Il Parkinson, lo sappiamo, è spesso definito come un disturbo del movimento causato dalla morte dei neuroni che producono dopamina in una specifica area del cervello, la substantia nigra pars compacta (SNpc). In pochi anni dalla diagnosi, i marcatori di questi neuroni nello striato (l’area bersaglio) quasi scompaiono. Eppure, una parte dei neuroni della SNpc resiste, e terapie come la L-DOPA, che rimpiazza la dopamina mancante, funzionano contro i sintomi motori. Questo ci dice che c’è ancora margine per recuperare funzionalità.

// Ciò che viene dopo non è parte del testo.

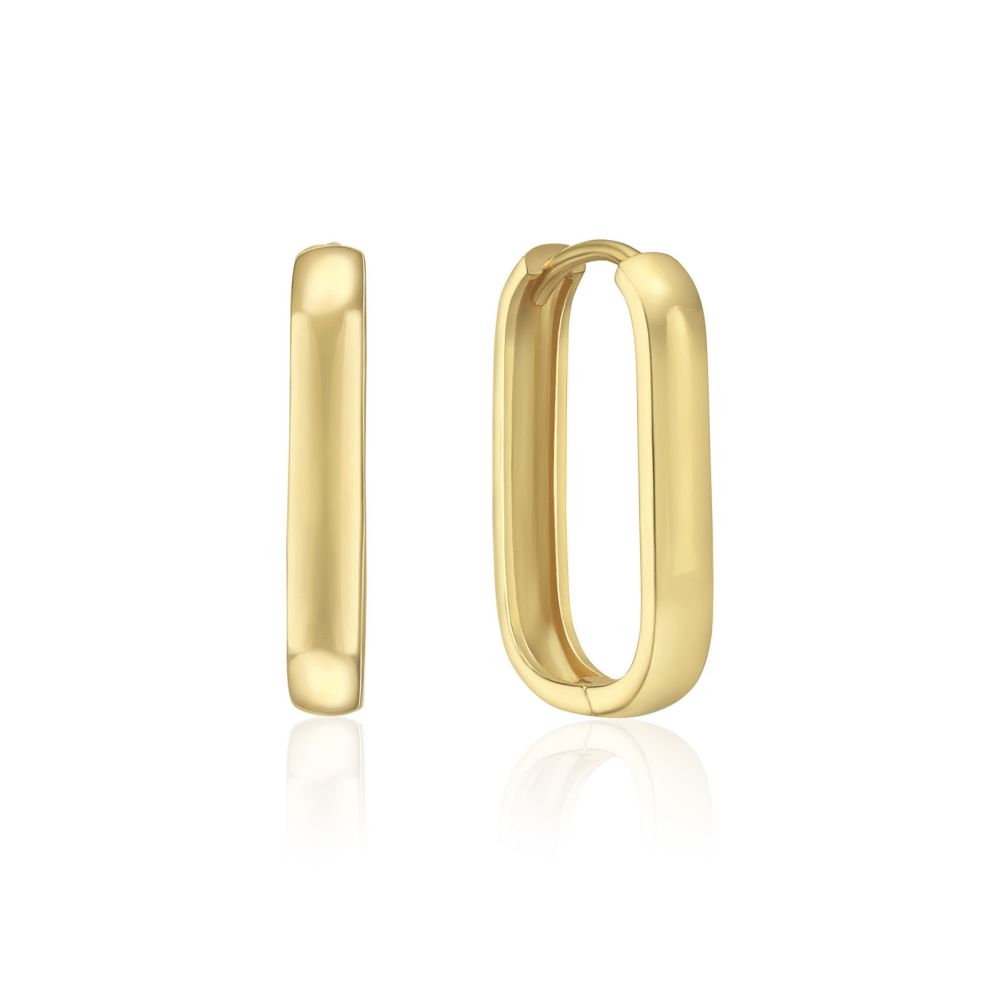 Gold Earrings | 14K Yellow Gold Women's Hoop Earrings - Dallas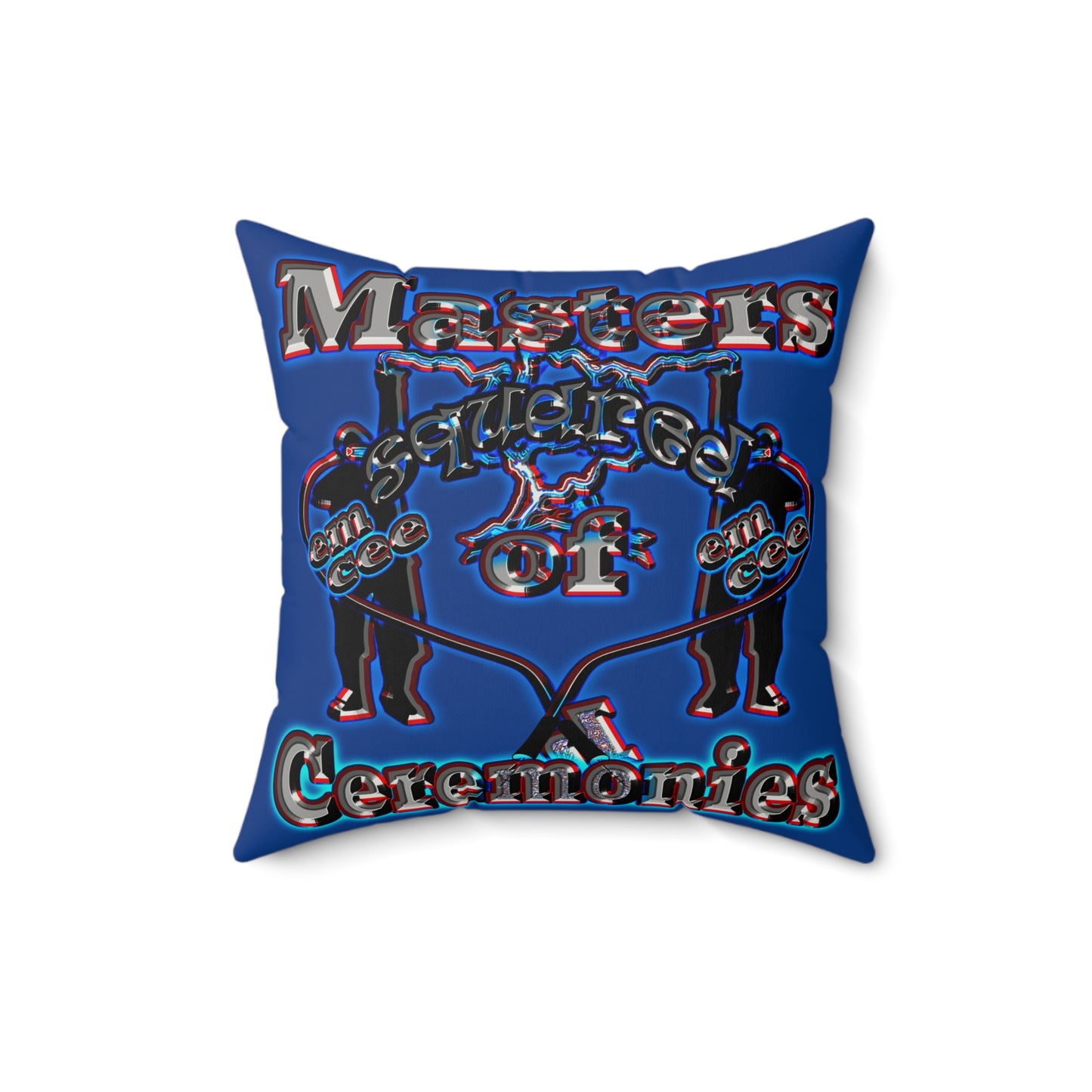 em cee squared - Faux Suede Square Pillow - (dark blue)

Il problema è che nessuna terapia attuale rallenta o ferma la progressione della malattia. E poi ci sono tutti quei sintomi non motori che compaiono anni prima – disturbi del sonno REM, perdita dell’olfatto, stipsi, cambiamenti d’umore, declino cognitivo – che non rispondono alla L-DOPA. Questo perché il Parkinson non colpisce solo i neuroni dopaminergici; coinvolge molte altre popolazioni neuronali e neurotrasmettitori, come il glutammato, l’acetilcolina, la noradrenalina.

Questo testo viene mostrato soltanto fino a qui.